Je n’aime pas tant l’idée que tout ceci ait un rapport avec l’interdiction de fumer des cigarettes, que depuis quelques mois on respire beaucoup mieux de ce côté-ci des clubs, j’aime mieux penser que deux poumons soufflent fort le chaud new-yorkais et le froid norvégien, petit fantasme – la house jamais plus grande que quand Larry Levan ou Daniele Baldelli poussaient leurs disques aux Paradise Garage et Cosmic Club. Et puis, il y a ces deux disques pour appuyer la seconde théorie, Hercules & love affair et Stayin in, qui me jettent leurs paillettes disco dans les yeux depuis un moment, sans que je trouve quelque mot à écrire dessus parce qu’à l’écoute, la tête remue un peu trop. Mais il faut bien s’y mettre un jour, parce que c’est trop bien au bout du compte, alors on y va dans l’ordre des sorties françaises.
On a trouvé ci-et-là plusieurs lectures du nom de projet Hercules & love affair. La première, quelque peu évidente avec la fixette sur la Grèce Antique (Athene) entendrait un Banquet musical avec pour sujet l’Amour gay, ses névroses, et pour guests le disert Antony et les érudits Andrew Butler et Tim Goldsworthy. Comme concept vendu sur papier, pourquoi pas, mais l’écoute dévoile moins une table ronde aux palabres somnifères qu’une vraie projection sexuelle sur la house de Chicago (la love affair en question) : le Hercules ici dressé, c’est cette musique toute entière dont on ne s’est plus ému comme ça depuis Joe Smooth ou Todd Terry – pectoraux tout gonflés, épaules sculptées et ceinture abdominale parfaitement redessinée pour l’occasion. Une basse sèche jouée sur synthé, les gorgées de chaleur d’Antony, les glissandi de guitare et un groove qui lui coule sur le corps comme une huile solaire, Time will résume ce fantasme un rien éternel qu’on partage évidemment très fort. Les parades suivantes observent d’autres atours plus classiques (slaps funk, chœurs et cuivres sur Athene et Hercules’ theme) jusqu’à ce bel écho de Larry Heard (You belong) et l’impossible climax vocal Blind. Courts arrêts hors du temps, Iris et Easy claquent un ou deux tubes et marchent tout robot sur les terres d’Arthur Russell et Brian Eno, avant l’inévitable retour des derniers corps en club, jusqu’au bout du disque.
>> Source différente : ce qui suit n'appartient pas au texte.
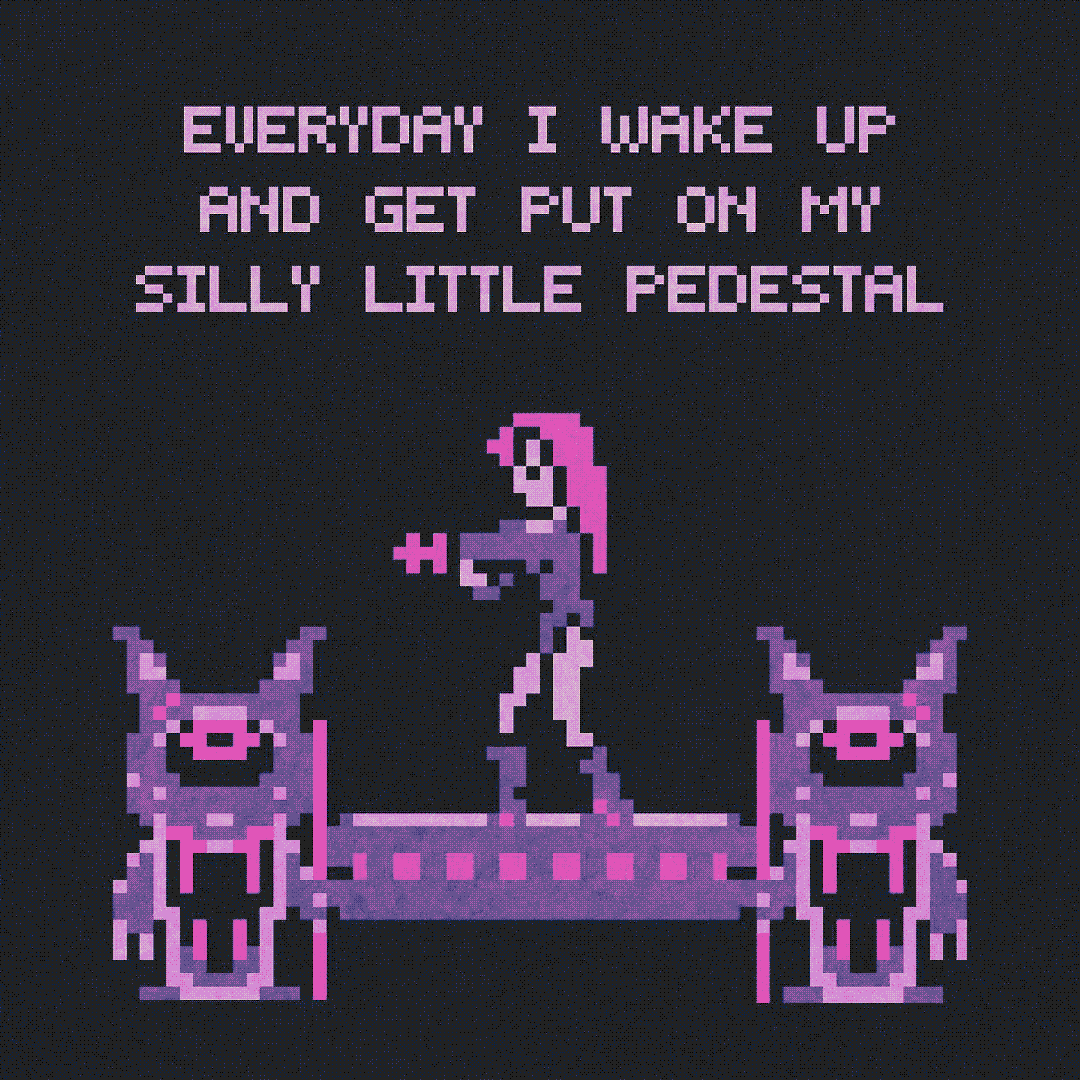 everyday i wake up and get put on my silly little pedestal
L’autre album plus récent qui mériterait rien moins que les mêmes honneurs attribués aux Lindstrøm et Prins Thomas est le Stayin in d’un ex-mathématicien sorti de nulle part, Joachim Dyrdahl aka Diskjokke, petite merveille de disco chagrine et boréale signée sur l’incontournable label Smalltown Supersound, pleine à craquer d’odyssées spatiales et croisades interstellaires inimaginables. Genre ce premier Folk I farta virtuose, qui restreint un arpège de piano très libre à une seule boucle, puis inverse la bande pour tout redéployer sur une ligne nébuleuse et contemplative. Alors que Booka Shade a un peu perdu le chemin des étoiles en quittant les clubs, Større enn først antatt offre à son tour un ciel ouvert au Cosmic, avec la seule chaleur d’une basse épaisse et quelques blips qui gravitent en suspension. Interpolation et Flott flyt naviguent à l’inverse en eaux glaciaires, pour leur noirceur sous-marine, leurs changements de courants et profondeurs océaniques. Pour le reste, on vous laissera mesurer plus en avant l’étendue du champ parcouru par le bien mal-nommé Stayin in, avec une certitude néanmoins : ce mec-là empruntera bien plus souvent la voie lactée en musique que dans n’importe quelle carrière scientifique.